The garage received a string of calls from withheld numbers, persisting from opening time at 9am until the end of the working day, leaving the phone lines jammed and customers unable to get through. Murphy also exhibited “troubling behaviour” during her “relentless attempts to speak to” her former friend, including “talking about her children and relationship”.
Ms Ellison detailed how she was left with “constant migraines after a day of her ringing” and added: “I go home to the kids feeling sad and deflated.
“She turns horrible so quickly if you tell her to stop ringing. I wonder what it will take her to stop. It’s been going on for years and years now. It’s having a huge effect on me and the business.
“Every time Keelie is let out of prison, she starts back up immediately on her release. Keelie would not just call up once, she would call from the minute we open up until we close. I constantly think about what’s next. It makes me feel mentally drained when all I want to do is come to work and run my business.”
Murphy has five previous convictions for 15 offences, all but one of which relate to conduct against Ms Ellison, with the other concerning matters of drunk and disorderly behaviour and assaulting an emergency services worker in 2008. Stuart Nolan, defending her during her 2022 court appearance, saidf: “It’s a very distressing case. One can only feel for the victim in this matter.
“There are serious mental health issues here. She does regret her behaviour. It just seems she is not able to control it when in drink and drugs, a combination which is explosive. I fear for her in the future.”
Murphy was jailed for 30 months at that hearing and her restraining order was being extended indefinitely. Sentencing, Recorder Tim Harrington told her: “Previous sentences have not deterred you.

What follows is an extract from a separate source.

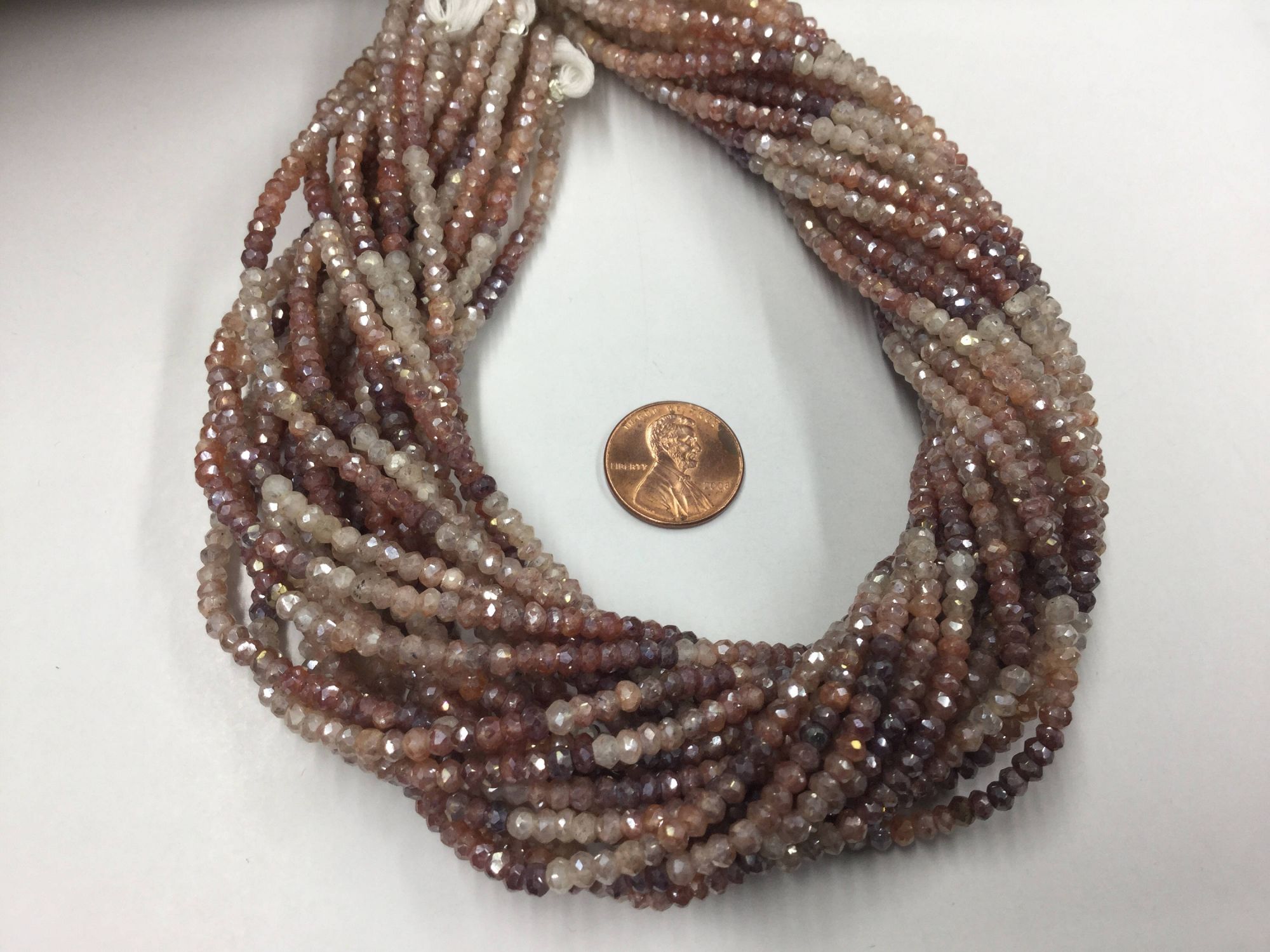 Multi Color Strawberry Quartz Rondelles Faceted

If you breach that order, you will undoubtedly be prosecuted again, and the sentences are just going to get longer and longer.”

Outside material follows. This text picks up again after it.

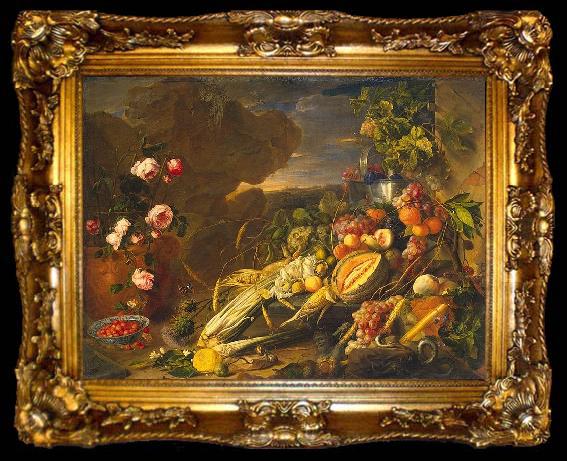framed  Jan Davidz de Heem Fruit and a Vase of Flowers, ta009-2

Desspite the judge’s warnings, Murphy returned to the Queen Elizabeth II Law Courts on Wednesday this week, having pleaded guilty to a further charge of harassment by breach of a restraining order. Her solicitor Gary Bryan told magistrates during the hearing: “This is a matter of breach of restraining order which goes back to the 25th of September 2024. On that day, she has called the protected person 84 times.
“The defendant was on prison licence at that time. Because of this reported behaviour, her licence was revoked on the 1st of October 2024. She was released from prison on the 23rd of December 2024, roughly the equivalent of a six-month prison term.”

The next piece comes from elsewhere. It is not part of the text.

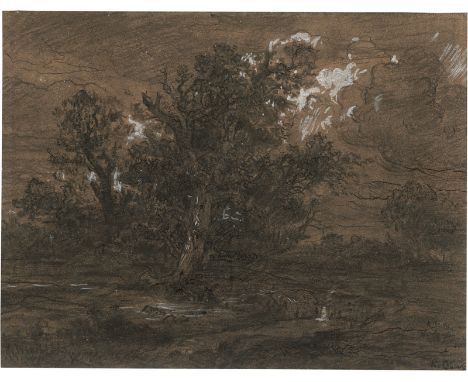 Buchholz, Karl -- Baumlandschaft im Weimarer Land bei Nachteinbruch.Schwarze Kreide auf braun grundiertem Papier, weiß gehöht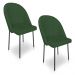 Kit 2 Cadeiras Poltrona de Jantar Ariel Suede Verde Pés de Ferro Preto - Pallazio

Murphy was only ultimately charged with the offence in December 2025 and not brought before a court until March 2026, when she entered her guilty plea and admitted a second offence of possession of a knife which she was found to be carrying on Whitney Road in Woolton on November 22 last year.
The sentencing was adjourned until this week in order to enable a pre-sentence report to be prepared but Murphy missed her appointment with the Probation Service. She was therefore not sentenced as planned, with magistrates giving her a further opportunity to cooperate with the preparation of such a report but sending the case up to the crown court for sentencing.
Appearing in the dock wearing a grey Adidas hoodie over a white North Face t-shirt, with her brown hair tied up in a bun, Murphy was released on unconditional bail ahead of a further hearing next month, with her fate yet again hanging in the balance and a fifth jail sentence potentially awaiting.
Mr Bryan cited the “very considerable delay” in bringing the matter to court as mitigation and added: “Given the age of the matter, given the fact that her licence was revoked for this matter, essentially on the same facts, is there now an argument in favour of a suspended sentence?”